I have said this for years, it is impossible to predict short-term gyrations in the market. Markets are irrational over the short run and sometimes they don’t make any sense. That is why I constantly try to educate investors about making long-term financial decisions based upon short-term movements in the market, whether up or down.
It is important that when you get involved with investments you decide whether you’re an investor or a trader. An investor, who most of us should be, is one that takes the long-term approach to the market. A successful investor builds diversified and balanced portfolios to survive any type of market. A smart investor is one who understands volatility in the market and is one who does not let short-term gyrations dictate their investments. On the other hand, traders are not looking long term with their investments but are looking for short-term movements that they can capitalize on. Traditionally, traders are willing to take greater risks for substantial rewards. Of course, traders that take substantial risks also have to accept the fact that their losses can also be substantial. The way I look at it, traders are equivalent to gamblers in the fact that their focus is short-term. Typically, when a trader buys an investment he may only be in that investment for a few days or for a few weeks. On the other hand, when an investor buys an investment they are not looking a few weeks down the road but rather, years and years down the road.
Someone who is a trader is much more active in the market and constantly has to be watching their investments not weekly, monthly or quarterly, but hourly. After all, traders are looking for those short-term opportunities that they can capitalize on. The reality of the situation is that most of us are not going to watch our investments all the time, and that is why when amateurs try to be traders, the great majority of the time they lose.
As far as I’m concerned, most of us should be investors that take a long-term view of the market. It is important to recognize that the market is not a get-rich-fast scheme. It takes discipline and patience to be successful. Particularly, when markets are volatile either moving up or down, it is important that an investor realizes they don’t have to react to every up and down in the market. Investors with patience and the discipline to take a longer term approach are generally the ones who are going to be more successful.
Does the fact that we are having a good January mean that the rest of the year will be solid; of course not. We have no idea what events will occur that could have a positive or negative effect on markets. That being said, as I’ve always told investors, if you’re looking one year down the road the stock market is not for you. Markets are too volatile and too unpredictable if your goal is one year down the road.
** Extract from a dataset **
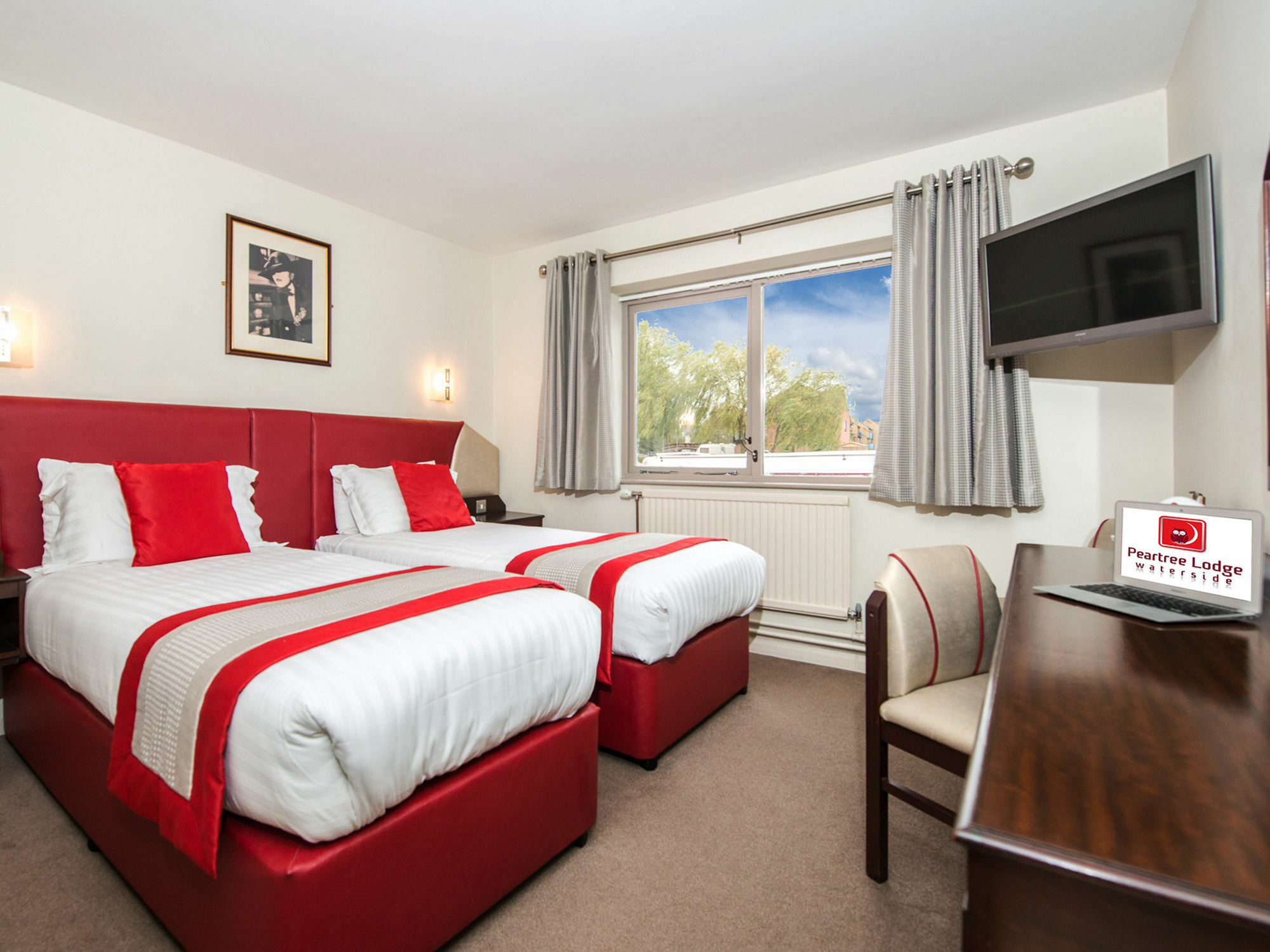 Peartree Lodge Waterside Milton Keynes Extérieur photo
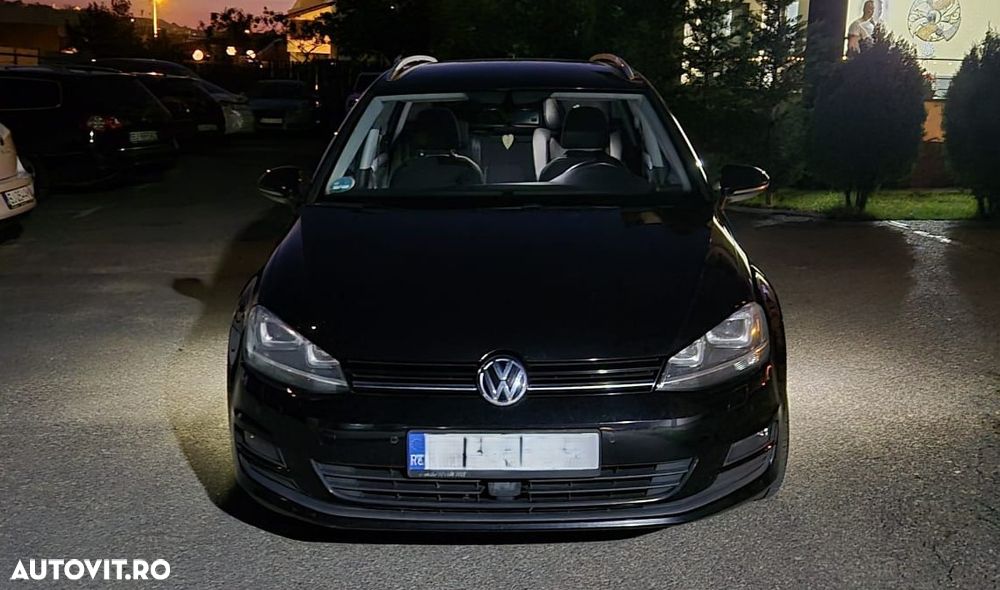 Volkswagen Golf - 10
However, if you’re looking long term, short-term gyrations in the market are going to be nothing more than a speed bump and not something you have to react to.
I’ve always been a believer that it is impossible to time the market. It would be nice if we could get in the market at its low point and then sell out when it reaches its high. Unfortunately, you and I can’t do that, and no one has been able to do that successfully. However, what makes investors successful is when they have a game plan that is based upon their individual situation and that their focus is on that game plan, as opposed to what’s happening in the market on a day-to-day or a week-to-week basis.